It is very disappointing to see that President Barack Obama intends to follow the broken trade agenda of the Clinton and Bush administrations by pushing Congress to approve the Panama Free Trade Agreement.
We have had 15 years of the "NAFTA-based" trade model on which the Panama Agreement is based, and the results are in: America now has a $127 billion annual trade deficit with Mexico, Canada and the other 14 nations with which we have free trade agreements. Since the passage of NAFTA, the U.S. has lost more than 4.5 million manufacturing jobs - more than 364,000 in North Carolina alone.
We're in the worst recession since the Great Depression, unemployment is rising nationwide and is now almost 11 percent in North Carolina. The last thing this country needs is another poorly negotiated "free trade" agreement that will cause more good-paying American jobs to be outsourced but, sadly, if history is any guide, that's exactly what the Panama agreement will do.
Why is that the case? One of the primary reasons is that the deal fails to level the playing field for U.S.producers. Let's take one important North Carolina product as an example: seafood.
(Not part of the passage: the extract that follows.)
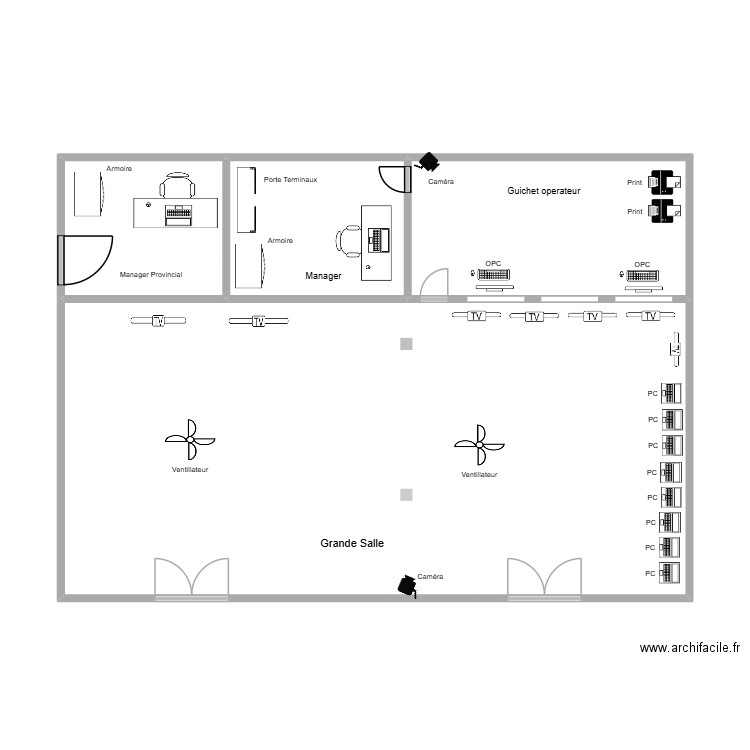 Goma 3-Birere. Plan de 4 pièces et 72 m2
One of the biggest industries on the Outer Banks is commercial fishing. The sector has been hammered by a flood of imports from overseas, including Panama. Panama's No. 1 export to the United States is fish and seafood. They export more than $100 million worth of fish and seafood to the U.S. each year - that's more than 50 times the amount that the U.S. exports to Panama. Their top exports include products that compete with seafood caught by North Carolina fishermen including shrimp and yellow fin tuna. And it's important to keep in mind that Panamanian fishermen are not encumbered by the environmental, safety and labor regulations that U.S.fishermen must abide by.
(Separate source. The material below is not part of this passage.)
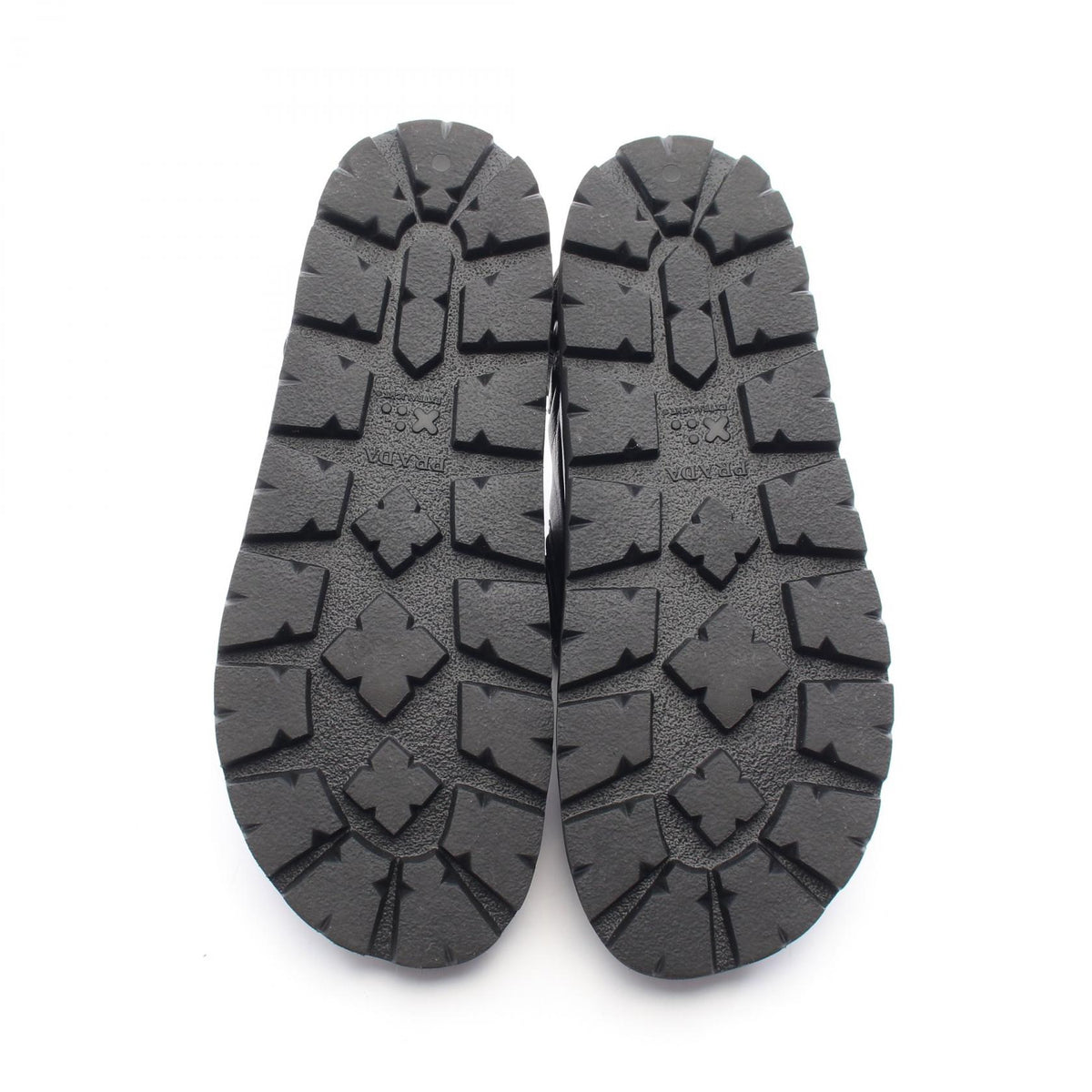 PRADA Triangle Plate Leather Sandals Black Size 38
With the Panamanians already having a huge advantage over U.S. fishermen in terms of balance of trade, one would think that the least U.S. negotiators could insist upon would be a level playing field so our fishermen could have the same ability to access the Panamanian market as their fishermen have to access ours.
Unfortunately, that is not the case. According to the U.S. International Trade Administration, while 100 percent of U.S. fish and seafood imports from Panama would receive duty-free treatment immediately upon implementation of the agreement, only 82 percent of U.S. fish and seafood exports to Panama would receive duty-free treatment immediately upon implementation. Duties on most of the remaining 18 percent of U.S. exports to Panamawould not be eliminated for 10 years!
Now how is that a level playing field? The simple answer is that it's not, and our experience with past trade agreements suggests that the unfortunate result of provisions like this will be the loss of even more U.S. jobs.
Poorly negotiated trade deals like Panama are one of the main reasons our country finds its production base shriveling, our unemployment rolls rising and our economy in shambles.
Passing this agreement as written would be bad for America, especially at this perilous economic time, and I would encourage the Obama Administration to rethink its position before it asks Congress to approve it.